The door slams open—slams, but makes no noise when it hits the wall. Two birds fly into their faces as they charge into the room, beaks precise, wings brutal. It takes fewer than five seconds for both of them to lose the ability to see. One of them screams something in another language—Polish, maybe? and tried to grab and slice, but the raven is like smoke, melting away the second his fingers touch it. They peck and beat until they’re half the size they were when they started and the men have dropped their weapons, hands up and quivering as they try to protect their brutalized faces.

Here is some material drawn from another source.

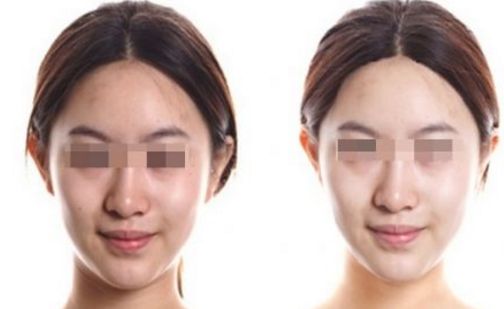 武漢皮膚科祛斑治療效果好在哪？名醫(yī)推薦+祛斑真實案例分享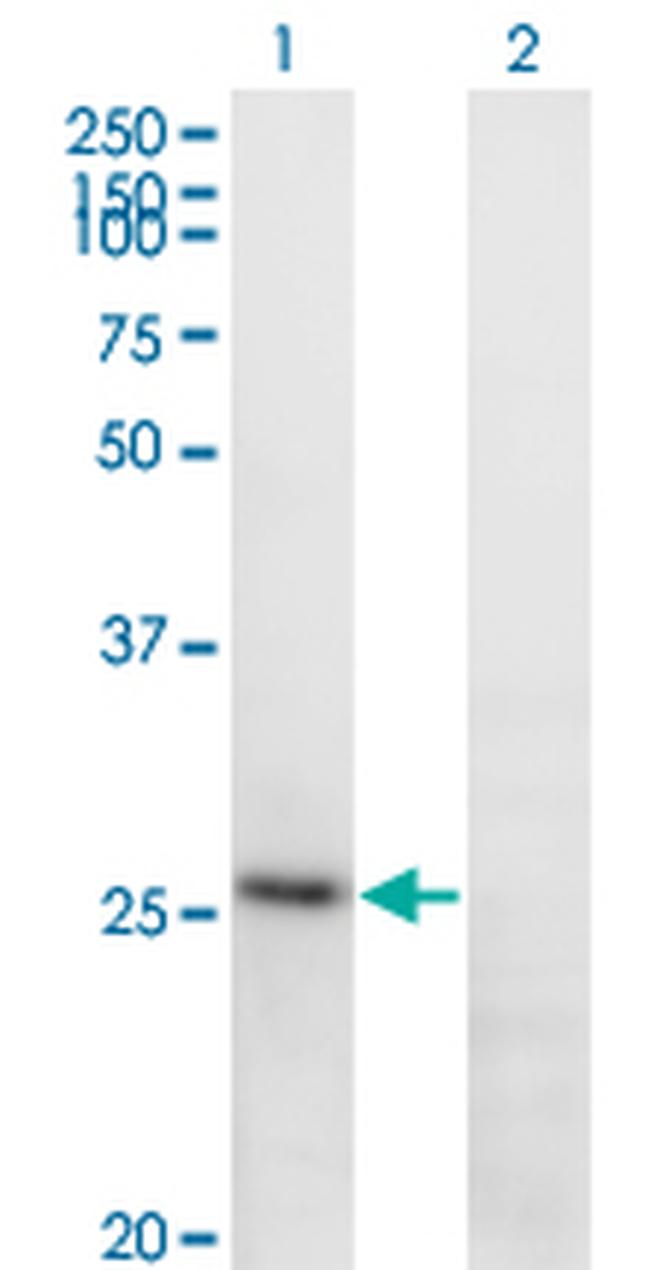 FGA Antibody in Western Blot (WB)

Two more birds fly straight at them—and into them. Straight into their chests. A moment later, the men stop screaming. They stand up and lower their hands, and Ciro stares with satisfaction at the pure black of their eyes.

“Take them for a long walk,” he says, and his magic obeys him, turning the men around and sending them back the way they came. They’ll wander through the night and into the day until his magic finally runs out, and when they finally revive they won’t know where they are or how they ended up there.

They certainly won’t remember Ciro.

They leave, and the door shuts behind them. The two diminished birds merge into a single large one, and the fifth raven comes over to perch on Ciro’s shoulder and begin to preen his hair. It’s pure comfort, and he smiles even as his hands go numb once more.

Once I made fifteen thousand dollars exposing a fraud who was tormenting his brother in exchange for power.

Now that…that’s a good night’s work.